## Your task:
Write the lines below out exactly, dropping each picture.

## Information provided:
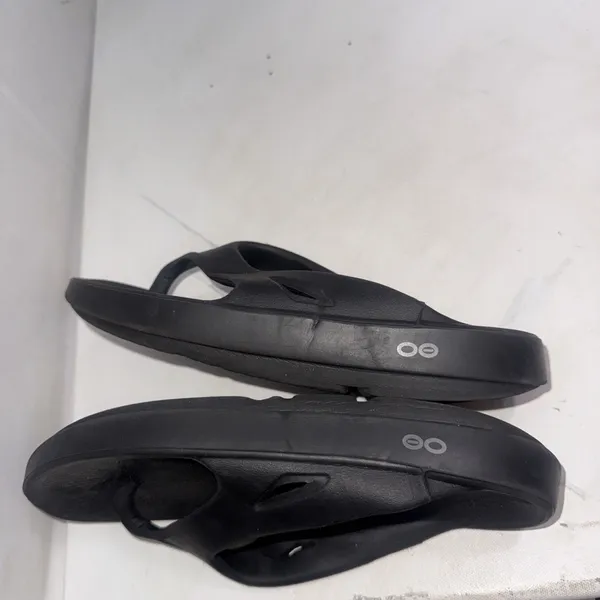 OOFOS Ooriginal Recovery Black Sandals Thong Flip Flops Women's Size 9 Men's 7 - Image 6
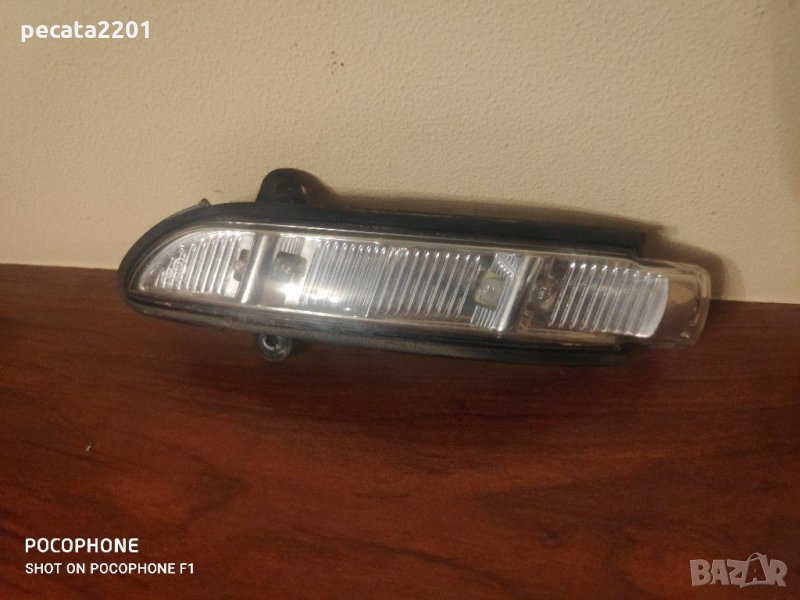 Продавам - оригинален мигач в ляво огледало със забележки., снимка 1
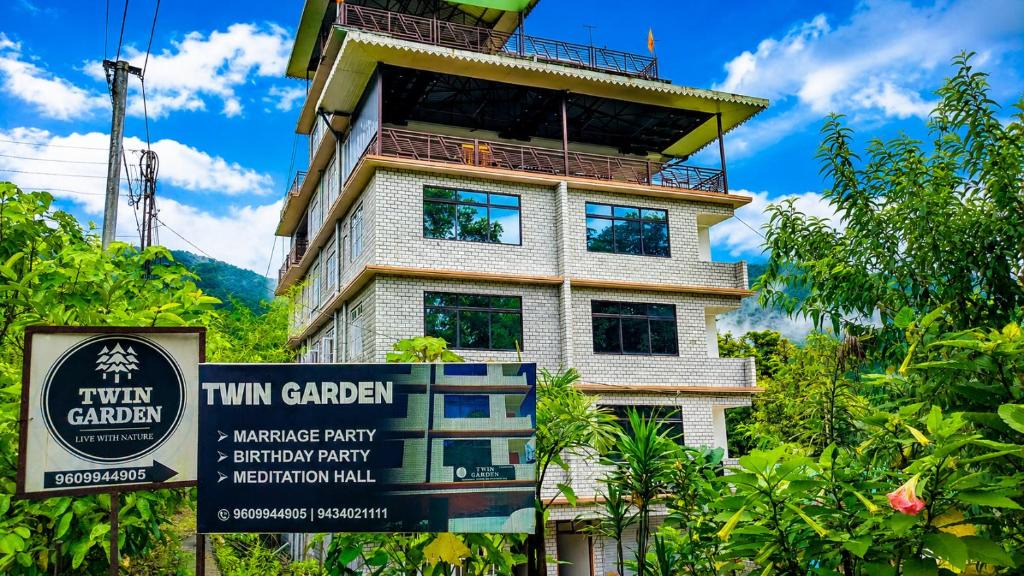Rumtek Hotel | Twin Garden by TAPSOM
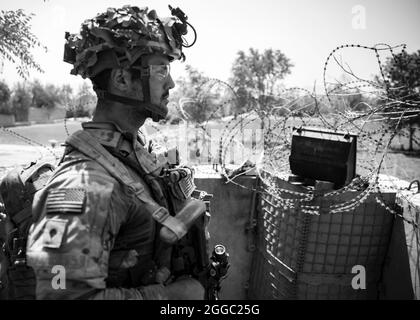 Ein Fallschirmjäger, der der B-Kompanie, dem 2. Bataillon, dem 501. Fallschirmjäger, dem Infanterieregiment, dem 1. Brigadekampfteam und der 82. Luftlandedivision zugewiesen ist, führt im August 29 Sicherheitsdienste auf dem Hamid Karzai International Airport in Kabul, Afghanistan, durch. Die 82. ABN. Div. Unterstützt weiterhin die sichere Evakuierung von US-Bürgern, Visa für Sondereinwanderer und anderen gefährdeten Afghanen aus Afghanistan so schnell und sicher wie möglich. (USA Armeefoto von Meister Sgt. Alexander Burnett) Stockfoto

## Exercise solution:
 OOFOS Ooriginal Recovery Black Sandals Thong Flip Flops Women's Size 9 Men's 7 - Image 6
 Продавам - оригинален мигач в ляво огледало със забележки., снимка 1
Rumtek Hotel | Twin Garden by TAPSOM
 Ein Fallschirmjäger, der der B-Kompanie, dem 2. Bataillon, dem 501. Fallschirmjäger, dem Infanterieregiment, dem 1. Brigadekampfteam und der 82. Luftlandedivision zugewiesen ist, führt im August 29 Sicherheitsdienste auf dem Hamid Karzai International Airport in Kabul, Afghanistan, durch. Die 82. ABN. Div. Unterstützt weiterhin die sichere Evakuierung von US-Bürgern, Visa für Sondereinwanderer und anderen gefährdeten Afghanen aus Afghanistan so schnell und sicher wie möglich. (USA Armeefoto von Meister Sgt. Alexander Burnett) Stockfoto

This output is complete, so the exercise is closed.